This week we are in the midst of a lesson in Crisis Public Relations at its worst from two major brands – Blackberry and Netflix. While blackberry for three consecutive days has seen outages worldwide and users unable to connect, struggles with Netflix continue week after week.
Users worldwide are outraged at being unable to communicate instantly as they have grown accustomed to – and Blackberry spokespersons are communicating with messages like “Message delays were caused by a core switch failure in RIM’s infrastructure”. That’s not consumer friendly English which resonates with people, and few of us know (or care) what a “core switch” is. We just want our damn blackberries to work. And to make it worse, they have communicated that the service works – only to see it fail minutes later again.
The very basics of crisis PR management involves communicating clearly, honestly and in language which resonates with consumers. The brand – particularly with the imminent launch of the Apple iPhone 4S – needs to very quickly communicate much clearer – in addition, naturally to fixing the problem immediately.
Netflix is a brand which also is failing miserably at crisis PR. Following weeks of bad marketing decisions – from the price increase which consumers hated, to their decision to split the business, Netflix hasn’t had a shining few months for brand appreciation. Today, Netflix dropped the ball yet again and lost points with an announcement via a blog post that they no longer intended to split business units. Yes, a blog post. Did no one have the guts to stand up and face the music?

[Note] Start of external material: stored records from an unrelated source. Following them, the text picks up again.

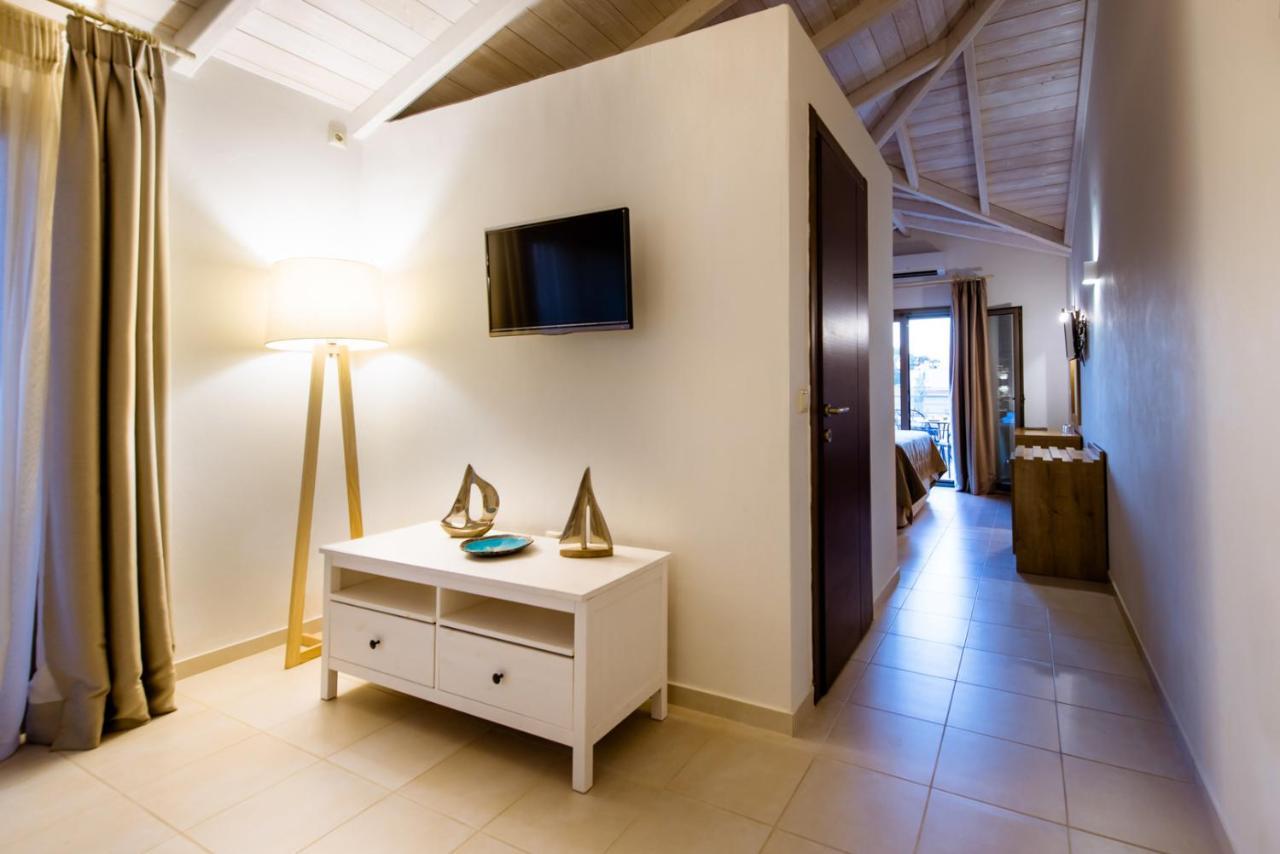 Aktaia Boutique Hotel Ammoudia Exterior photo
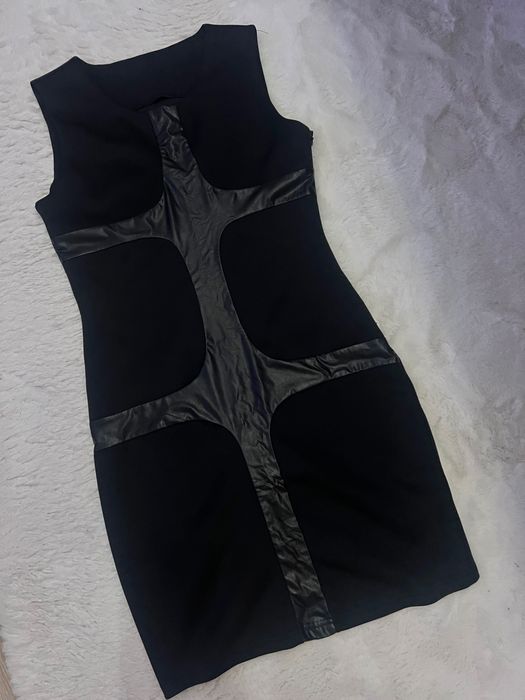 Къса черна рокля с кожен принт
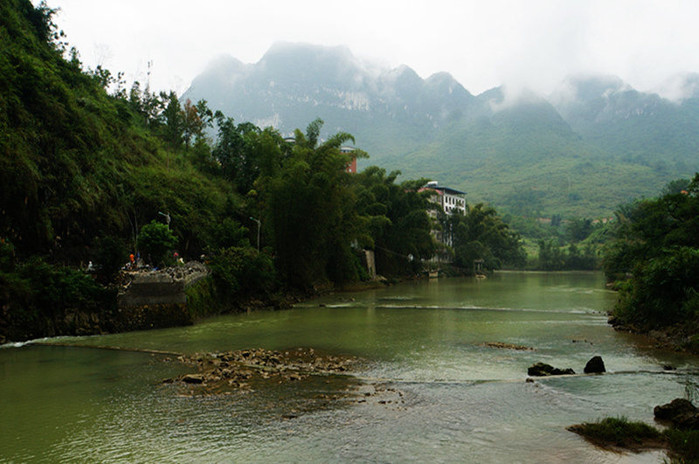 巴马世界旅居圣地,广西巴马长寿圣殿图片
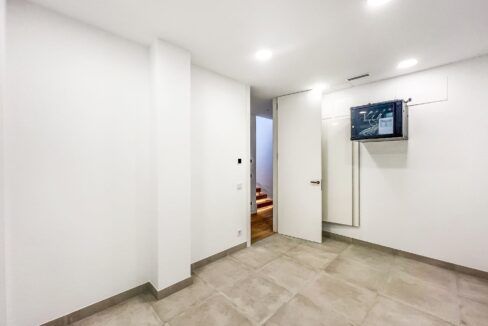 95977441-01-image-44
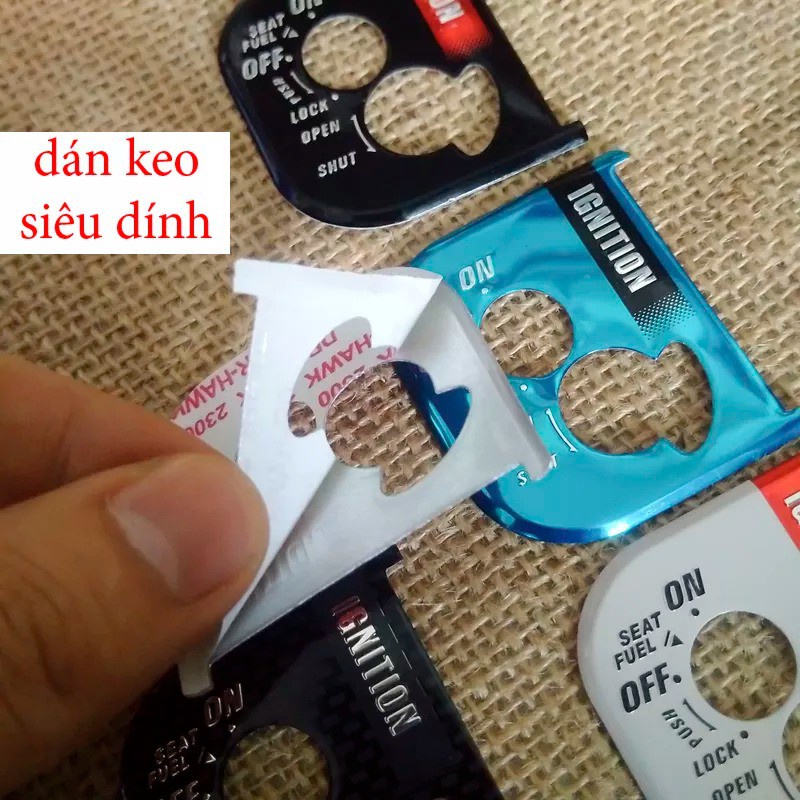 MIẾNG nhôm dán chụp ổ khóa Xe Airblade đời 2015 trở xuống -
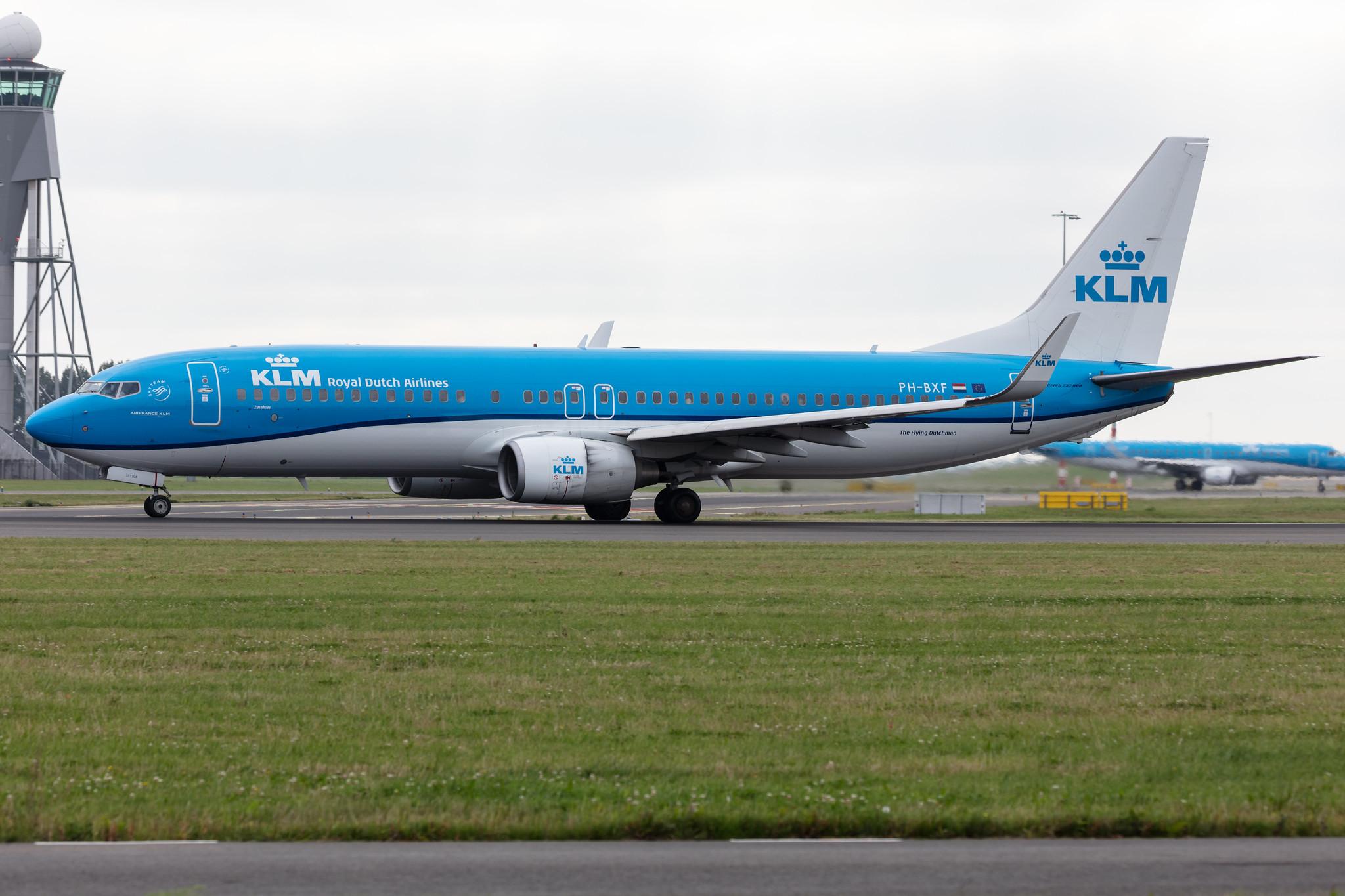 Amsterdam Schiphol: KLM (KL / KLM) |  Boeing 737-8K2 B738 | PH-BXF | MSN 29596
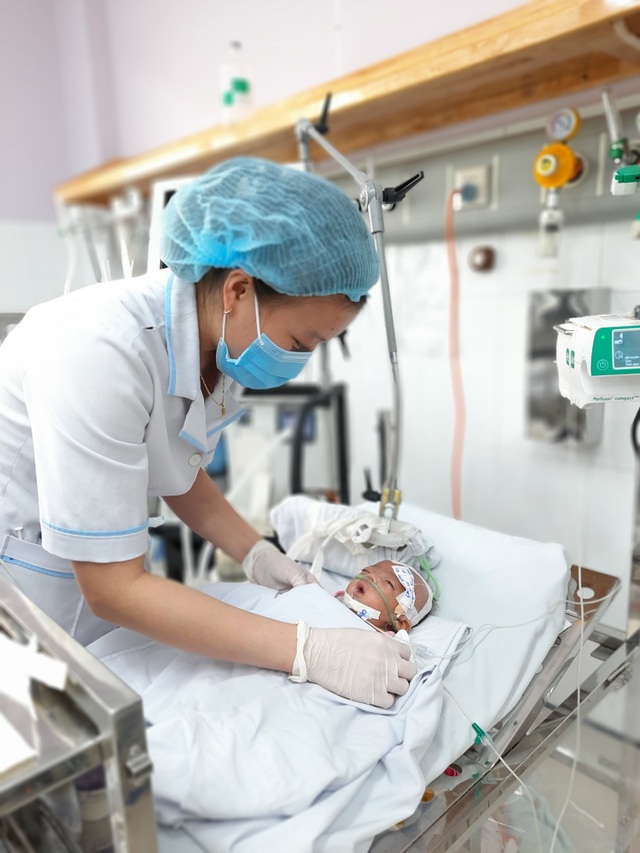 Cha mẹ chết lặng hay tin con còn sống sau 1 tháng đưa con vào chùa chôn cất - 6 Cha mẹ chết lặng hay tin con còn sống sau 1 tháng đưa con vào chùa chôn cất - 6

In times of trouble, brands have to apply a personal, human touch. It’s necessary for brands to provide a face for crisis – with senior management directly involved, not a blog posting. The media will ask questions, customers will leave, and no interaction allows media to define the issues as they see them and create others without Netflix’s help. A press conference was the way to broadcast a concise and consistent message. Gathering the media together, presenting the same message to everyone, and answering a few questions was the right path. Amazingly, Netflix is a company that succeed as Blockbuster disappeared and didn’t address issues of importance to their core consumer – convenience, time, and cost.
The Chief Financial Officer of Netflix, Barry McCarthy has said in the past “We have benefited enormously from the rapid growth in word of mouth (publicity). It has taken us to levels that we thought we would not soon see.” In bad times, the company needs to apply these lessons as well, not just in good times.
As Warren Buffett has said “It takes twenty years to build a reputation and five minutes to ruin it. If you think about that, you’ll do things differently.”